At noon Thursday (Nov. 5), Maluma and The Weeknd dropped a surprise new bilingual version of “Hawái,” featuring the latter singing the opening verses in English and the chorus in Spanish. In other words, this wasn’t a last-minute, let’s-slap-this-together remix, but a let-me-write-a-new-verse-and-work-on-my-Spanish collaboration.
Still, recording of the song, filming the video and releasing it Thursday jointly between Sony Music Latin and RCA took only a month’s time.
Originally, Maluma didn’t want to do a remix, says Miguel Lua, who oversees Maluma’s music career and strategy in partnership with WK president Walter Kolm. As it turns out, Maluma doesn’t have any bilingual remixes, and in this particular case, he wasn’t looking for one. “But we did discuss that if we ever did a remix, regardless of who it was, it had to be someone big,” says Lua. “He had a short list of artists he wanted to work on in general.”
When “Hawái” became a big hit in August, topping Billboard’s U.S. global charts, multiple artists — including mainstream stars — called asking to participate in a remix, shares Sony Music U.S. Latin president Alex Gallardo. “A song with those kinds of numbers, it generates interest,” explains Gallardo.
But nothing was even discussed until Lua got a call from Sal Slaiby, The Weeknd’s manager. Slaiby and Maluma’s team already had a working relationship because they collaborated with French Montana, and at one point, there were conversations to include Doja Cat in Maluma’s current album, Papi Juancho.

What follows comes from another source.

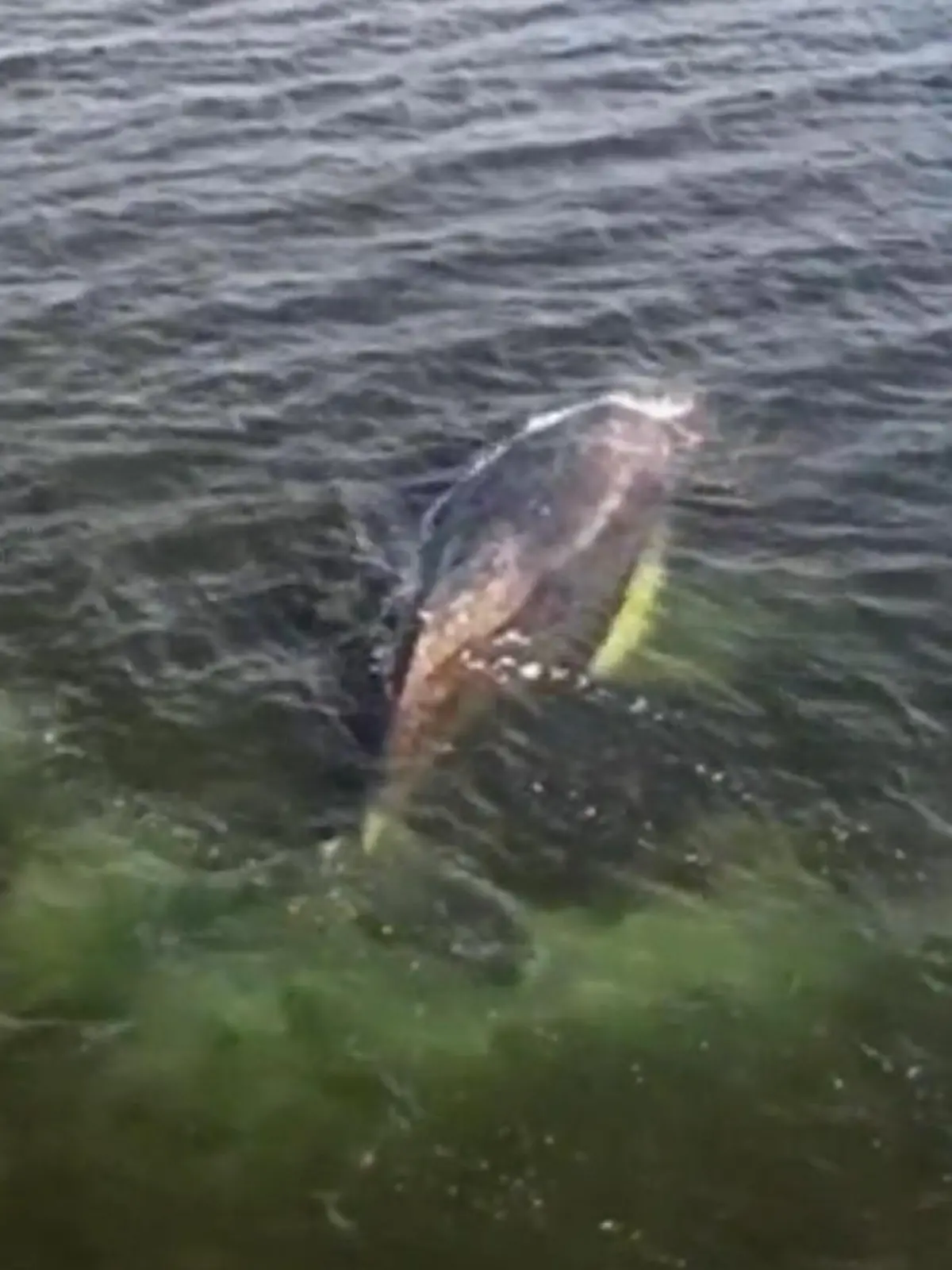 Bild zu: "Keine Hoffnung mehr für Timmy! Junger Buckelwal wird vor Ort sterben"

“On Oct. 5, I got a call from Sal, thinking it was about Doja Cat, and he said The Weeknd was considering doing something for the Latin market and did Maluma have five song options to send him.”
Lua had a better idea. “I said we were considering a remix of ‘Hawai,’ and The Weeknd is on our list.”
Literally minutes later, Slaiby called back and said The Weeknd loved “Hawái” and was already thinking up ideas for the song.
“I was in Miami catching up with my close friend Yovanna Ventura [the model in the music video] and she played me the song and I absolutely loved it,” The Weekend tells Billboard. “I was inspired so I reached out and it was an easy answer from me when I was asked to get on the track.”
“He asked me for the stems and the [vocal] reference,” says Lua. “We started a group chat with Juan Luis [Maluma] and Abel [The Weeknd], and that same evening, Juan Luis told me Abel had sent him some rough vocals.”
Lua and Kolm then called Gallardo and Sony Music Latin Iberia Chairman Afo Verde and said they had news.
“We had a Zoom call, and we were floored,” says Gallardo. “The Weeknd is the most listened to artist on Spotify. Juan Luis’ dream of recording literally with the top artist in the world was a reality.”
[Editor’s note: This week, The Weeknd is No. 2 following Ariana Grande’s album release]
Verde and Gallardo called Peter Edge at RCA to see if he would be interested in releasing the track with Sony Music Latin. Meantime, Lua asked Slaiby for availability for the video shoot, and two weeks later, assembled the original video crew, including director Jessy Terrero and model Yoanna Ventura, and shot the video in Los Angeles.
It was delivered to Sony the night before release.
The release time — noon — was strategically decided upon to take into account Maluma and The Weeknd’s global appeal.
“We want the West Coast to be up, and for it not to be too late for the Middle Eastern and Asian fans,” explains Lua. Everything, he admits, was fast. “But, it’s a game changer. These are game-changing moments.”
For The Weekend, there was a plus:
“Big shout out to Maluma for allowing me to try out my Spanish on the song!” he says.